Kick off season's festivities with a cookie exchange
By FIONA SOLTES
Ah, just imagine it: A friend on your doorstep holding six dozen homemade holiday cookies.
Happens all the time to Robin Olson of Gaithersburg, Md. But don't think she doesn't work for it.
Every year since 1989 with the exception of one, when she had a newborn Olson has played host for a holiday ''cookie exchange'' at her home. She invites a bunch of people, has them bake six dozen cookies each, and when everyone gets together, places them on a dining room table and lets each guest pick what they want. (She bakes and participates as well.) Now, doesn't that sound tasty?

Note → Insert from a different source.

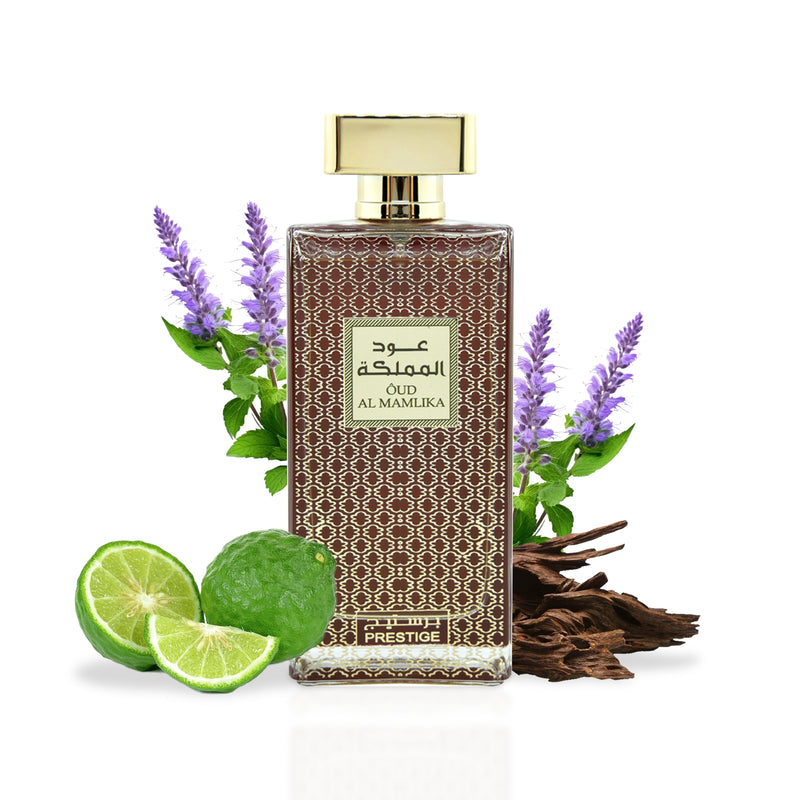 Oud Al Mamlika Eau de Parfum by Adyan – Oudh Al Anfar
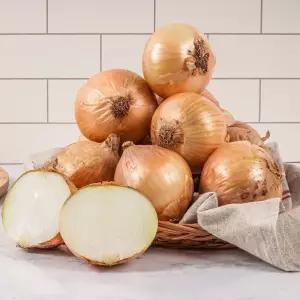 26년 햇양파 양파 3kg 5kg 중품 / 특품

Olson believes the event could be fun for anyone but through years of trial and tribulation, she's learned a thing or two. So if you decide to have your own, take heed:
Send out invitations at least a month in advance. Over-invite, because not everyone will show up, and have people RSVP with the kind of cookie they're bringing to avoid duplicates.
Tell people to make their cookies at least three days in advance so they can dry out, which makes them easier to transport. It also will help avoid last-minute cancellations because the cookies haven't been done.
Set out hors d'oeuvres to eat during the party, not plates of cookies.
After the cookies are displayed, have each guest talk about what she brought. Then have the group travel in a line around the table, taking a few cookies from each plate as they go. Make sure everyone brings an empty container for filling.
Olson makes it a women-only party, with no kids. Sunday afternoons often work best, she said, when dads can stay home with the kids and watch football.
Remember, some people will put a lot of time into baking and it's not fair if they come home with easier no-bake cookies, bars or meringues. For that reason, the main ingredient of all cookies must be flour because it has to be baked. Chocolate chip cookies are not allowed, either. Think Christmas!
The tastiest cookies are usually the ones someone else made.